You probably do some or all of those checks, even if you did not know it, but having a name for them is really important. Indeed it will allow to communicate and talk about them with your coworker more easily and more clearly, which is really important when you want your team to be defensive about the code that each of you write.

Offensive programming

Before we finish on the last part of the chapter, the author mention the concept of Offensive Programming.

Unlike the name can suggest, this is not the opposite of the Defensive Programming, but the idea is that we should not have any tolerance for errors in the wrong place.
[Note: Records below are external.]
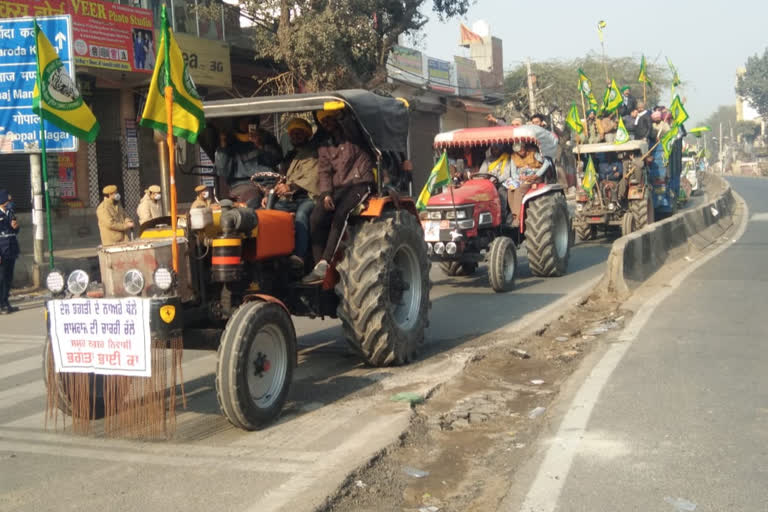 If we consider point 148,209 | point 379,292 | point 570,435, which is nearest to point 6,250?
point 148,209

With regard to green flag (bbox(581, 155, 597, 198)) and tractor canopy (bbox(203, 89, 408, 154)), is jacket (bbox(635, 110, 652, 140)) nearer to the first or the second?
green flag (bbox(581, 155, 597, 198))

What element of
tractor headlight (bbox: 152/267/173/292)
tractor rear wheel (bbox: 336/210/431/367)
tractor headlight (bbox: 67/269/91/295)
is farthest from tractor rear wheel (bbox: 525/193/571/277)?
tractor headlight (bbox: 67/269/91/295)

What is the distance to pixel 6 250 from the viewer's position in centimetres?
1285

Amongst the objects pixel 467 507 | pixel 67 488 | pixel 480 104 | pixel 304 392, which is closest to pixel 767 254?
pixel 304 392

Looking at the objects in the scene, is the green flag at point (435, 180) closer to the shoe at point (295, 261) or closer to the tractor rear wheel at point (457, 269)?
the tractor rear wheel at point (457, 269)

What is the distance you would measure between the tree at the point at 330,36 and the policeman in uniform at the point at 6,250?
8929 mm

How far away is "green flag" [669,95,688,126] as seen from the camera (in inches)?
830

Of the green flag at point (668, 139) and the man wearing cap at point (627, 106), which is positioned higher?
the man wearing cap at point (627, 106)

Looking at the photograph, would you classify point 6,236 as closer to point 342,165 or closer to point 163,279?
point 342,165

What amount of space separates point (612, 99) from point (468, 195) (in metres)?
8.96

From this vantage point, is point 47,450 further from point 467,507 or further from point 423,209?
point 423,209

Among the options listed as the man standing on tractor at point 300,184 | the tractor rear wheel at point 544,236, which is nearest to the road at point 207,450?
the man standing on tractor at point 300,184

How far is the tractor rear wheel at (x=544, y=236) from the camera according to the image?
525 inches

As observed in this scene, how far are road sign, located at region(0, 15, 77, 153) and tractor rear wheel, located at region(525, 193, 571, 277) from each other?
7888mm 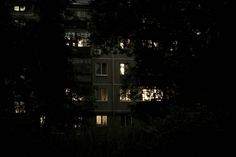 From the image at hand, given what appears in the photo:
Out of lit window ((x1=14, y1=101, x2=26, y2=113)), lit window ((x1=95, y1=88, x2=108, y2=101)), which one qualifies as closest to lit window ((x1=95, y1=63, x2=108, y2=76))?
lit window ((x1=95, y1=88, x2=108, y2=101))

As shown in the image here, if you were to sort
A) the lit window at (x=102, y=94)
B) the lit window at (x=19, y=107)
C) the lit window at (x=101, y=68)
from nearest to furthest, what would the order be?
Result: 1. the lit window at (x=19, y=107)
2. the lit window at (x=102, y=94)
3. the lit window at (x=101, y=68)

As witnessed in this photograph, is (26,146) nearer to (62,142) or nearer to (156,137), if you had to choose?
(62,142)

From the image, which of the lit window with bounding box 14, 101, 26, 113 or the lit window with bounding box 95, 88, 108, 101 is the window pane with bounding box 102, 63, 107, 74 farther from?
the lit window with bounding box 14, 101, 26, 113

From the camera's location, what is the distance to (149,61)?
824 inches

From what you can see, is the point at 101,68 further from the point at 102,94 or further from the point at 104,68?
the point at 102,94

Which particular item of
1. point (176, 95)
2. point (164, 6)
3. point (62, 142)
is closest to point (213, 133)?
point (62, 142)

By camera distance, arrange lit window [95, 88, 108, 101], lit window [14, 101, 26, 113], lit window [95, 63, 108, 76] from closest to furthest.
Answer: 1. lit window [14, 101, 26, 113]
2. lit window [95, 88, 108, 101]
3. lit window [95, 63, 108, 76]

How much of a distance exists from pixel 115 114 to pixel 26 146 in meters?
33.3

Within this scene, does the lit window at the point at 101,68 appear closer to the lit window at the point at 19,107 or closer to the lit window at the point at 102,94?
the lit window at the point at 102,94

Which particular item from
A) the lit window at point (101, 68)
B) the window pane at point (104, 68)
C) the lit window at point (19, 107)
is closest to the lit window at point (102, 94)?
the lit window at point (101, 68)

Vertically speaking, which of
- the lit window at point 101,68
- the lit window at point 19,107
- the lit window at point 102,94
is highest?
the lit window at point 101,68

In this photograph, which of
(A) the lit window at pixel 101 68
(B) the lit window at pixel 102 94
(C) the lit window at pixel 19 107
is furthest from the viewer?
(A) the lit window at pixel 101 68

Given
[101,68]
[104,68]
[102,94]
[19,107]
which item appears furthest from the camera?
[104,68]

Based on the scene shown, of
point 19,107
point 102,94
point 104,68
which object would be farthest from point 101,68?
point 19,107
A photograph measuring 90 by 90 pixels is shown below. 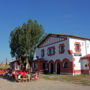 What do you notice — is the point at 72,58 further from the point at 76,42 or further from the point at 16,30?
the point at 16,30

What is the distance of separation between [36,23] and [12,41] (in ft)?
21.8

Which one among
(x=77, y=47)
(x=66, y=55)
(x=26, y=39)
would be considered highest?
(x=26, y=39)

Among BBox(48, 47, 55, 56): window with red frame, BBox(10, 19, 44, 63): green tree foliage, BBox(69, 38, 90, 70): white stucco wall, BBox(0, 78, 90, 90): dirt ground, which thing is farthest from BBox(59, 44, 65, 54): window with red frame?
BBox(0, 78, 90, 90): dirt ground

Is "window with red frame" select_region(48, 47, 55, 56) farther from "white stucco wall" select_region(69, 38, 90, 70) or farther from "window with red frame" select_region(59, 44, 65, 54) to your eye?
"white stucco wall" select_region(69, 38, 90, 70)

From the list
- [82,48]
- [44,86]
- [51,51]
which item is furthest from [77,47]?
[44,86]

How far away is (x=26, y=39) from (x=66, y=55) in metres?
9.68

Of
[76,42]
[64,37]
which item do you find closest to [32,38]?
[64,37]

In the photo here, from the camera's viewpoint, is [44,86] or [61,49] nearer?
[44,86]

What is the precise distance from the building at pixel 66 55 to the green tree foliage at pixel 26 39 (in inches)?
151

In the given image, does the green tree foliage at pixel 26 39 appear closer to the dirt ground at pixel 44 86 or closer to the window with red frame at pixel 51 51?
the window with red frame at pixel 51 51

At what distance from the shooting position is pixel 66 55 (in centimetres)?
2048

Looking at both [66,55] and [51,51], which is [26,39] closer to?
[51,51]

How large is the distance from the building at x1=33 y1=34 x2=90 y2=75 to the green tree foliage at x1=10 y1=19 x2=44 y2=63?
151 inches

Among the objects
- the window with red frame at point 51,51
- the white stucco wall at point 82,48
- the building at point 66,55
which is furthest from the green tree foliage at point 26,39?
the white stucco wall at point 82,48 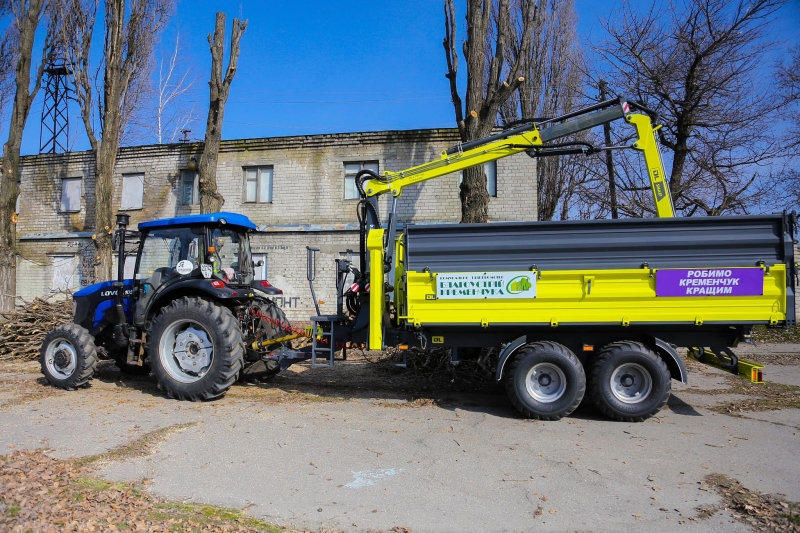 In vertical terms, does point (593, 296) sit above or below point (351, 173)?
below

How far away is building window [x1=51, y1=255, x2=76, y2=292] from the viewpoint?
17484 millimetres

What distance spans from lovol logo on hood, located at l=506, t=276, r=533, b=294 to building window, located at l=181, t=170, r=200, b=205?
41.4 feet

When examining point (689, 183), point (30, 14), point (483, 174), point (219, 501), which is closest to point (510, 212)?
point (483, 174)

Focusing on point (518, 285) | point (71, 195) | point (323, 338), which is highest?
point (71, 195)

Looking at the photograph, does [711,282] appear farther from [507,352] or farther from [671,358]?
[507,352]

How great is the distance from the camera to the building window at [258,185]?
16.3 meters

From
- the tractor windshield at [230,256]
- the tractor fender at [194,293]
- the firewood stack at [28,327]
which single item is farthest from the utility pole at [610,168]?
the firewood stack at [28,327]

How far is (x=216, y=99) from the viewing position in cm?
1469

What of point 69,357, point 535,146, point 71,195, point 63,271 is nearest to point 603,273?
point 535,146

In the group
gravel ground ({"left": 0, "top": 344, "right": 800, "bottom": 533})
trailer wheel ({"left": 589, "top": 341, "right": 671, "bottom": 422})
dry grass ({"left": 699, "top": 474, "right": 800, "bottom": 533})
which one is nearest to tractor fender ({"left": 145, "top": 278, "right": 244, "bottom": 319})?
gravel ground ({"left": 0, "top": 344, "right": 800, "bottom": 533})

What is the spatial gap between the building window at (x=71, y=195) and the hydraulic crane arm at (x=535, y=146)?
13799 mm

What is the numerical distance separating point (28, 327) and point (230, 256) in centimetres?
627

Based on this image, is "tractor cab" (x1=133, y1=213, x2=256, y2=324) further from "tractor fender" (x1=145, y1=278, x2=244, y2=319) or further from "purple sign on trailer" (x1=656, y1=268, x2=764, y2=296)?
"purple sign on trailer" (x1=656, y1=268, x2=764, y2=296)

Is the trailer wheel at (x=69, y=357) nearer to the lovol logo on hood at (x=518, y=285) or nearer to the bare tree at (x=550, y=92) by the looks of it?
the lovol logo on hood at (x=518, y=285) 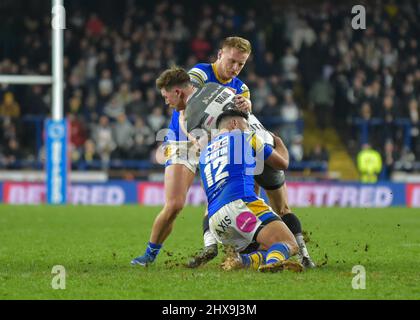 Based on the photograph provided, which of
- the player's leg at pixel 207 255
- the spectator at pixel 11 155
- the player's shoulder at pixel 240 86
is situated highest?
the player's shoulder at pixel 240 86

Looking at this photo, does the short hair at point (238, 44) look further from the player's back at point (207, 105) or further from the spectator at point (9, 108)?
the spectator at point (9, 108)

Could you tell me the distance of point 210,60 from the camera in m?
24.2

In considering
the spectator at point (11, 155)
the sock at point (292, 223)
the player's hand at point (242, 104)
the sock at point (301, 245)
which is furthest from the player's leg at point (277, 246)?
the spectator at point (11, 155)

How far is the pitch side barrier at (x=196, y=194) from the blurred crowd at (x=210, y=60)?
86 cm

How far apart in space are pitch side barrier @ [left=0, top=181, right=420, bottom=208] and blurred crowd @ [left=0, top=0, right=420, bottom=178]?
33.7 inches

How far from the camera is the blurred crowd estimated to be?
22500mm

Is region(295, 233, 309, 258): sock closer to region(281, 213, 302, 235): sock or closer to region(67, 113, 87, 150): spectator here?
region(281, 213, 302, 235): sock

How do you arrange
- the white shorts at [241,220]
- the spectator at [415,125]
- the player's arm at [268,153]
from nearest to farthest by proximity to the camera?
1. the white shorts at [241,220]
2. the player's arm at [268,153]
3. the spectator at [415,125]

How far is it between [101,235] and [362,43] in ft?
48.5

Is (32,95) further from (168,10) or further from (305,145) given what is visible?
(305,145)

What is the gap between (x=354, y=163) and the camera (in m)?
23.9

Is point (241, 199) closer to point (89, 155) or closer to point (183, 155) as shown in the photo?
point (183, 155)

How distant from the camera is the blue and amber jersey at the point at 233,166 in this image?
7773 mm

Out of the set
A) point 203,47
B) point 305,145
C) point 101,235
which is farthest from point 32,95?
point 101,235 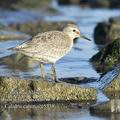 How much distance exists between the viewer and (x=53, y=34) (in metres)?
12.7

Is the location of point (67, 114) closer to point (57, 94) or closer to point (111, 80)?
point (57, 94)

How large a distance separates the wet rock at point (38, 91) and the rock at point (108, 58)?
3.64m

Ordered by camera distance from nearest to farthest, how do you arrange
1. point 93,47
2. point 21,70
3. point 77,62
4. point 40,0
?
point 21,70, point 77,62, point 93,47, point 40,0

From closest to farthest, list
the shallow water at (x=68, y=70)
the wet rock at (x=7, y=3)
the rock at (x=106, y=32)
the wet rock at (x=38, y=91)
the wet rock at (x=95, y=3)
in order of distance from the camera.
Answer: the shallow water at (x=68, y=70) < the wet rock at (x=38, y=91) < the rock at (x=106, y=32) < the wet rock at (x=7, y=3) < the wet rock at (x=95, y=3)

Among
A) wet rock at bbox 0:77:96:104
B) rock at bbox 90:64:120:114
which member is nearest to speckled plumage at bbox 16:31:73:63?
wet rock at bbox 0:77:96:104

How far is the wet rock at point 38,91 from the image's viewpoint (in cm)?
1153

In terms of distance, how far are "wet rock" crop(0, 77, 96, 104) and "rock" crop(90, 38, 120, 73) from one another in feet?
12.0

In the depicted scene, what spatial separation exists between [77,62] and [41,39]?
4.06 meters

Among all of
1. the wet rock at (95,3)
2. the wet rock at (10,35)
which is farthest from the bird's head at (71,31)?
the wet rock at (95,3)

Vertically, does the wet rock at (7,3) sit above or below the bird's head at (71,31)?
above

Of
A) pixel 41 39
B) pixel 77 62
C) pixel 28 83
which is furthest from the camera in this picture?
pixel 77 62

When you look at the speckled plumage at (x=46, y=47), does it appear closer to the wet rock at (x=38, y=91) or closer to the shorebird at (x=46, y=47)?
the shorebird at (x=46, y=47)

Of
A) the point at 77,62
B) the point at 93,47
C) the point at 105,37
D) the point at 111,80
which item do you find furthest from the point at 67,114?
the point at 105,37

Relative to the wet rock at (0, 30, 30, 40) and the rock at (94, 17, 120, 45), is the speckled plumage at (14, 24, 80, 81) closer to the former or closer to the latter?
the wet rock at (0, 30, 30, 40) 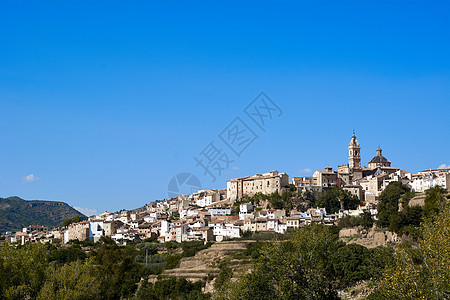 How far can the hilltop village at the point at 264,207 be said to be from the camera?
53594 millimetres

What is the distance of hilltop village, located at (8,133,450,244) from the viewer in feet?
176

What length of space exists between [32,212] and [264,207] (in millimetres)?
89108

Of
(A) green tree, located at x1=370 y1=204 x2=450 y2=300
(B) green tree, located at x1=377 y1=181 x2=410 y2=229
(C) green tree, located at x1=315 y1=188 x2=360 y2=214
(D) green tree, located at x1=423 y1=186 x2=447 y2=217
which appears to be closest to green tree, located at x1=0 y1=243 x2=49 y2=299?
(A) green tree, located at x1=370 y1=204 x2=450 y2=300

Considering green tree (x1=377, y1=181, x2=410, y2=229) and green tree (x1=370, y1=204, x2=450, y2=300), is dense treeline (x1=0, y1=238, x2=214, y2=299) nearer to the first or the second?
green tree (x1=370, y1=204, x2=450, y2=300)

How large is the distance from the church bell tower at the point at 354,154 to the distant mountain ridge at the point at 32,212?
7229 cm

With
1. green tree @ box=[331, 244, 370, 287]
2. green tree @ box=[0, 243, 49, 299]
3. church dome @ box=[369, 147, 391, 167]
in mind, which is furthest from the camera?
church dome @ box=[369, 147, 391, 167]

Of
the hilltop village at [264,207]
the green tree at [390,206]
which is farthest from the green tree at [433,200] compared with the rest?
the hilltop village at [264,207]

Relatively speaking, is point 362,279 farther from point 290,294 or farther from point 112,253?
point 112,253

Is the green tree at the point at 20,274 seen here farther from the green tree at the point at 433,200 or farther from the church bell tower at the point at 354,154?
the church bell tower at the point at 354,154

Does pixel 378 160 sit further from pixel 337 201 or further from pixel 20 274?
pixel 20 274

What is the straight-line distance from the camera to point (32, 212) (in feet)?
442

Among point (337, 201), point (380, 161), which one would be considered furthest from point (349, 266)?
point (380, 161)

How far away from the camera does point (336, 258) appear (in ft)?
95.1

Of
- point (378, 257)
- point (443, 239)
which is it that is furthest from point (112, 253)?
point (443, 239)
So Offensive programmers will be used more assertions, making the program crash when an error is detected, instead of guarding against it (falling back in a valid state, by preventing the user that an error occurred, for example).

The two approach can and should be used together, by using Offensive programming when we can write tests to validate that the assertion should never be trigger, or only when a developer makes a mistake, on use Defensive programming to avoid any problem that can be triggered by external elements, such as the operating system or the user.


Defensive programming is a really good concept and I like that the author starts his book with this concept.

We should all use defensive programming (and offensive programming), and being even a little more defensive about your code will make it safer for everyone.

Thank you all for reading this article, And until my next article, have an splendid day 😉

Top comments (3)

loki profile image
Loki Le DEV

Thanks that's a lot of rules and terms to learn.

Working on a medical exoskeleton we had a lot of discussions and tried several methods on how to apply offensive/defensive programming.

For example we can't afford to just "let it crash" in case of bad food (invalid input values in methods) or invalid state because the device should keep working in all situations.
So we have fallbacks to put the exoskeleton in a safe mode when an unrecoverable error is detected.

10xlearner profile image
10x learner

Indeed 😄, it depends on what your program does and the risks that having it crash involve.

For example, if your program is a simple calculator, it won't cause any harm if it crashes from a bad input. In that case, you can be more offensive, with a good test suite.

But if a bug in your program can cause some big material or financial damages or hurt people because of a bug, you should definitely use a lot of guards and defensive mechanisms to be sure to never encountered such bad case.

I will add that this idea can be applied to sub part of a program. For example, having the part of your program which handle the logs doesn't necessary need to be as much guarded as the part which make an exoskeleton move.

Moreover, if your system is really critical, you can double check the behavior.
To go back on the exoskeleton example, you could imagine having a chip with a captor on each articulation, looking at the angle performed by the exoskeleton, and if the angle start to become to wide for a human, the chip could force the articulation to go back to a safe state, overwriting orders from the main program of the exoskeleton.